In my life away from HQ I am, among many other things, a competitive chess player. (Now, before anyone gets any ideas, remember, I never said I was good!) If anyone has been following me on any social media outlets you can't help but know this because my activities tend to have the same curves as a cataclysmic variable, and right now my chess activity is in outburst.
What does this have to do with astronomy? Well, at the risk of being stereotypical, chess is seen as a smart person's game. Astronomy is seen as being a smart person's activity as well. If Stephanie Slater's research is any indication AAVSO members tend to be even moreso "smarter than your average bear."
On the evening of 7 December this year the world of Astronomy and Chess collided in a rather nice and educational fashion.

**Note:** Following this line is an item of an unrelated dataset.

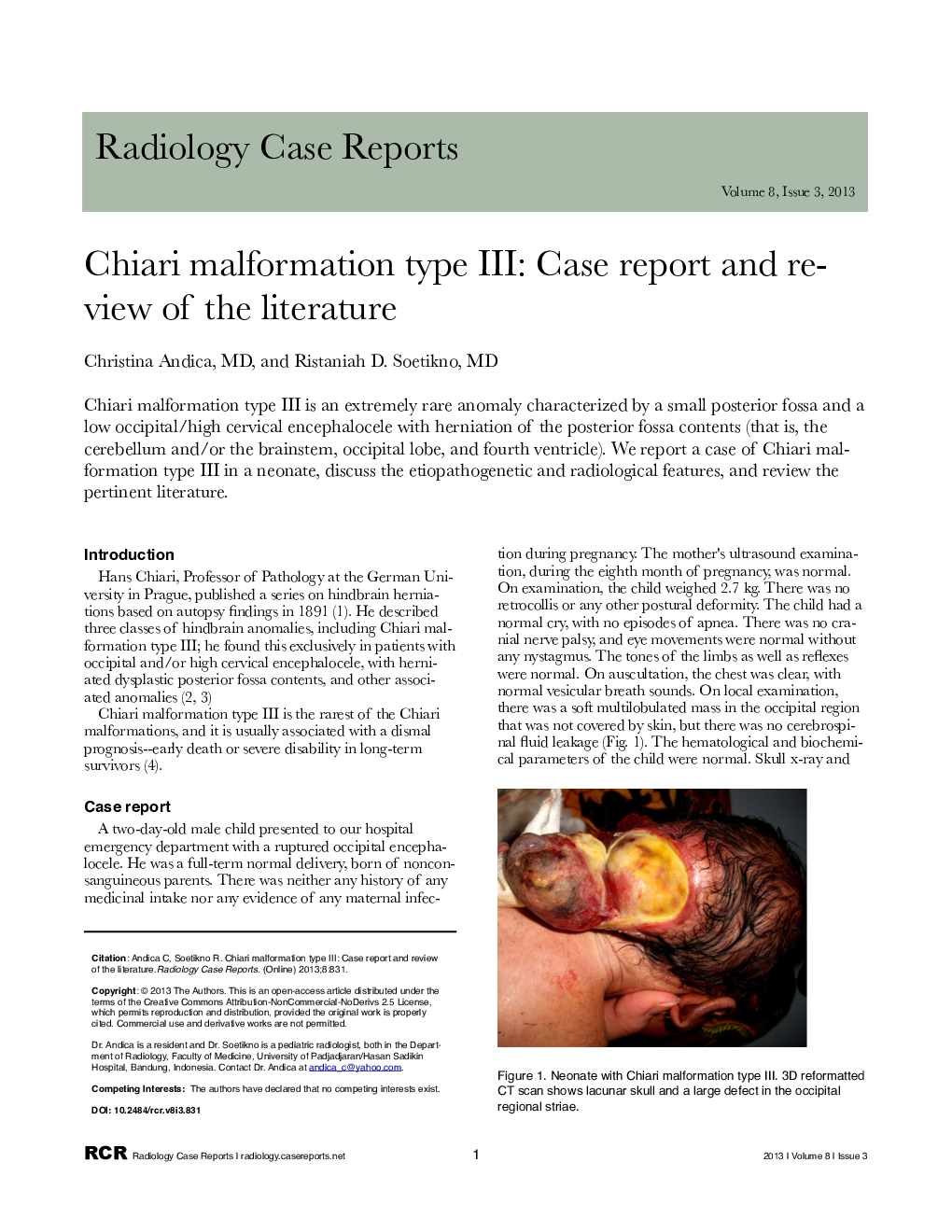 Chiari malformation type III: Case report and review of the literature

At the beginning of December the London Chess Classic , one of the strongest chess tournaments in the yearly schedule, is held. This year the players included World Champion Grandmaster Viswanathan Anand  of India, the highest rated player in the world Grandmaster Magnus Carlsen  of Norway, former World Champion Grandmaster Vladimir Kramnik  of Russia, former World Champion Contender Grandmaster Nigel Short  of Britain, and current United States Champion Grandmaster Hikaru Nakamura .

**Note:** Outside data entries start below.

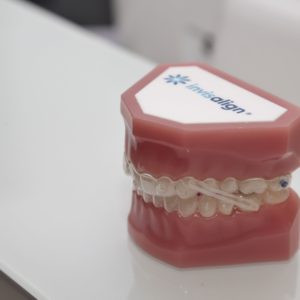 Invisalign BH, Tecnologia ortodôntica Dr. Alysson Resende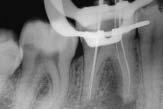 een al eerder uitgevoerde endodontische herbehandeling; de ervaring van de behandelaar; de wens van de patiënt (afb. 3); de kosten van de behandeling.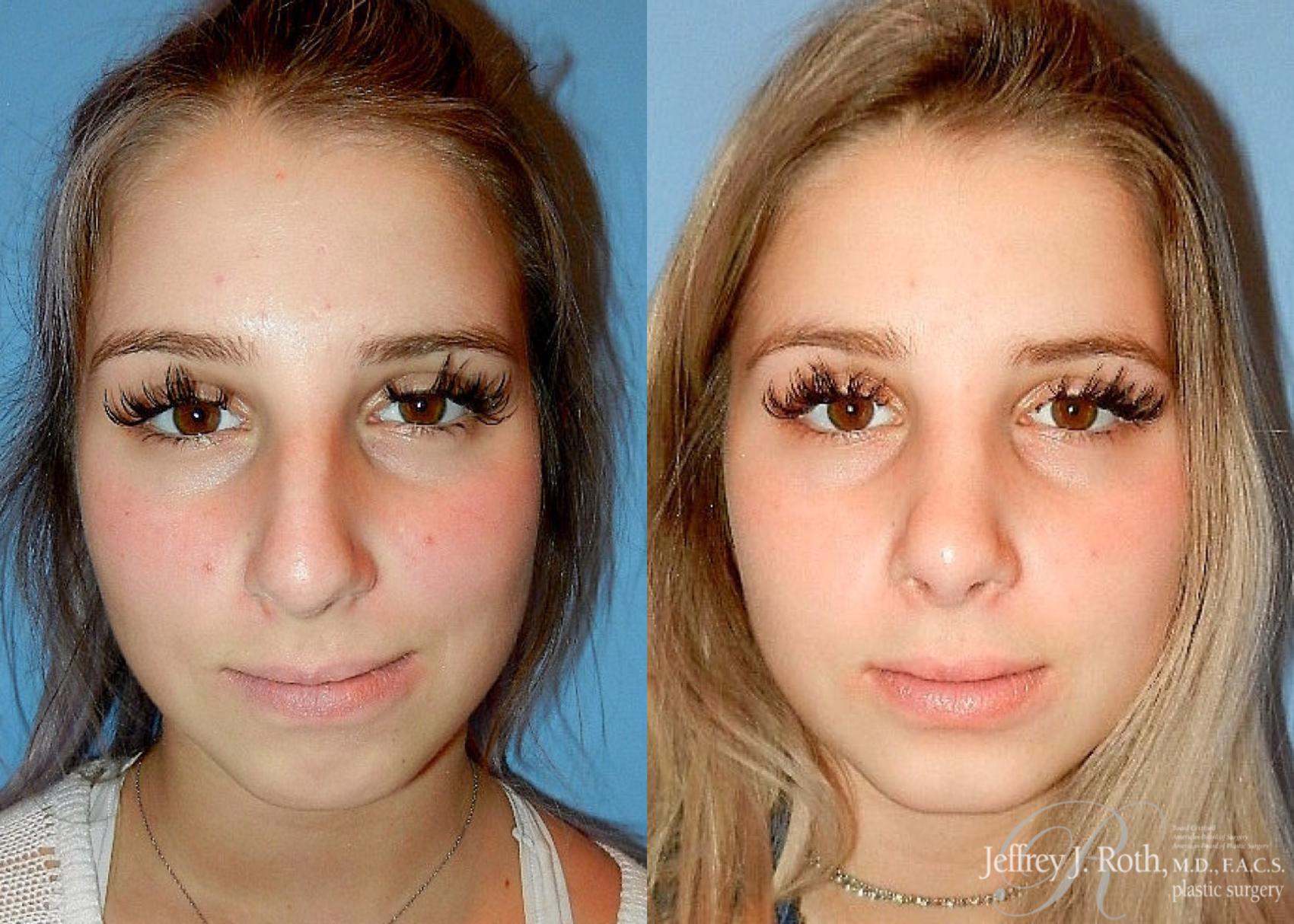 Before & After Rhinoplasty Case 162 View #2 View in Las Vegas and Henderson, NV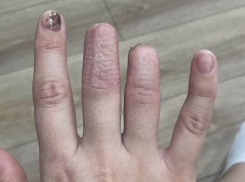 Шахтинка лишилась двух фаланг пальцев, упав вместе со столом в кафе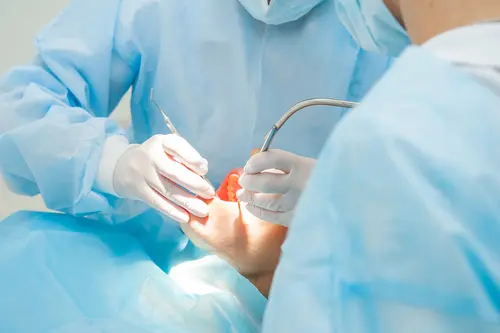 Oral Surgery - At Impressions Dental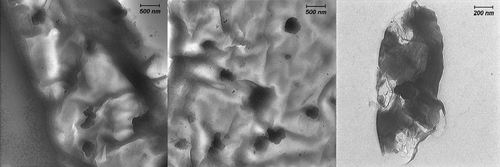 Figure 4. Low-magnification TEM images of a sample consisting of gold nanoparticles on R. solanacerum bacteria surface.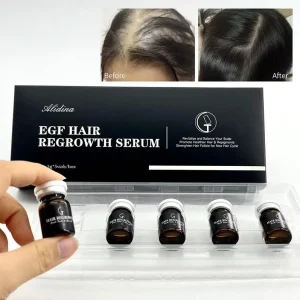OEM Fast Hair Regrowth Hair Loss Treatments Growth Restoration Natural Organic Herbal Anti Hair Loss Serum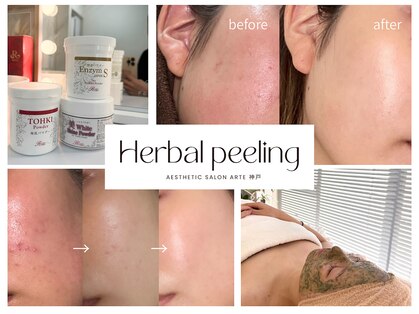 アルテ 神戸(Arte)の写真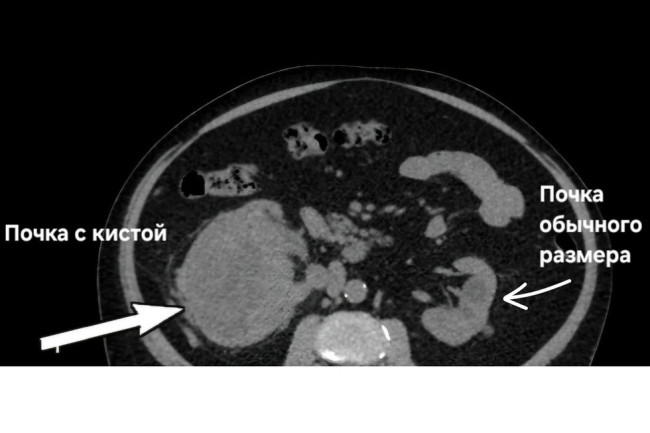 Медики Балаково спасли мужчину с воспалённой кистой почки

In chess tournaments of this caliber, the players play one game a day, and there are actually "free days" when games don't take place. But other things do. This year during a free day, World Champion Grandmaster "Vishy" Anand, British Grandmaster Dr. John Nunn , and Dr. Christian Sasse gave a lecture and demonstration on the use of robotic telescopes in modern amateur astronomy. Yes, that's right, folks, the current World Chess Champion and one of the best British players of modern times are one of us!

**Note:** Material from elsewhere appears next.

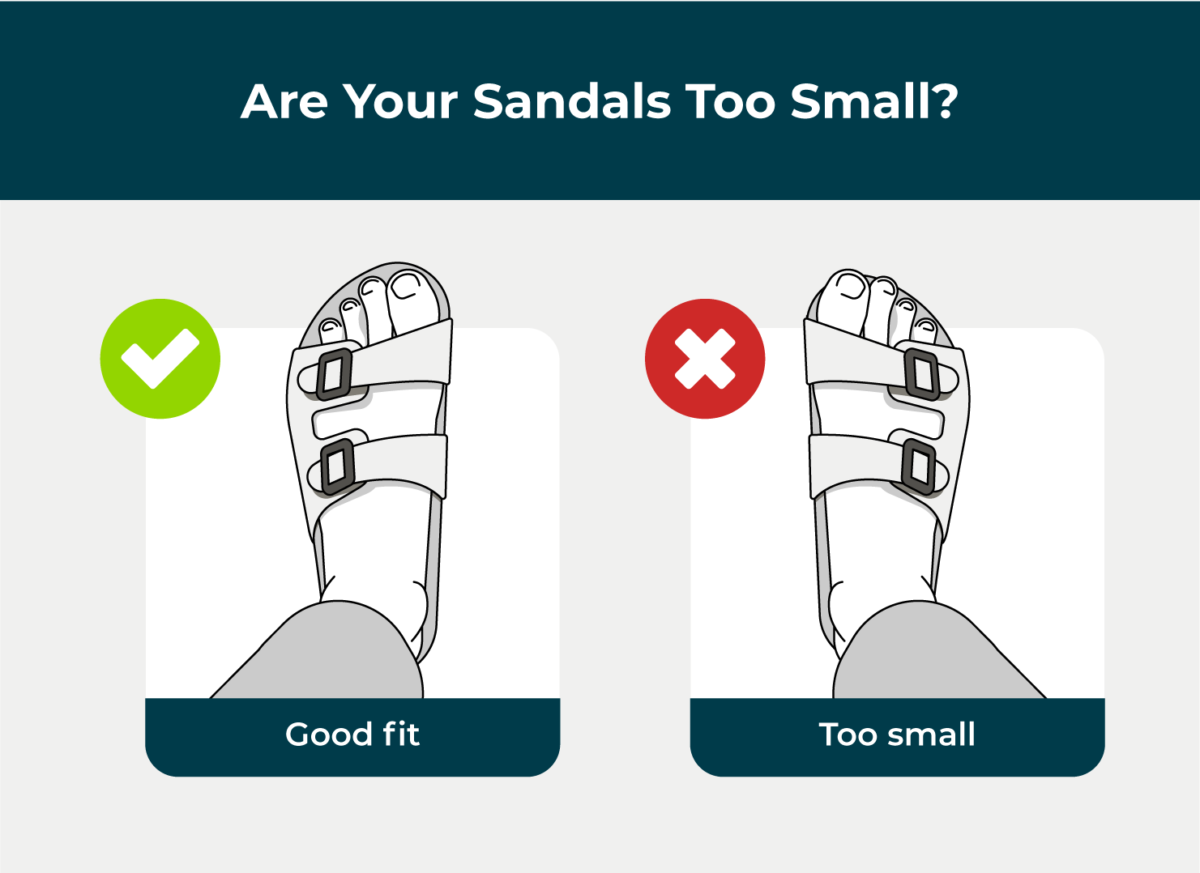 A visual showing that overhanging toes makes for a sandal that’s too small.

Grandmaster Dr. Nunn presented several of the astronomical images that he's done and developed over the years, including one of the Horsehead Nebula that he used as the cover to his book, Nunn's Chess Endings, Vol. 2. Grandmaster Anand displayed images he'd taken, including one last June of SN2011dh  in M51.
More examples of Grandmaster Annand's work can be downloaded here .
What might it take to turn the World Chess Champion into a Variable Star Observer??
Remember, this is the 21st century, so the entire lecture and demonstration was saved for your viewing pleasure on the Internet.
There we have it! Astronomy and Chess - two great tastes that taste great together!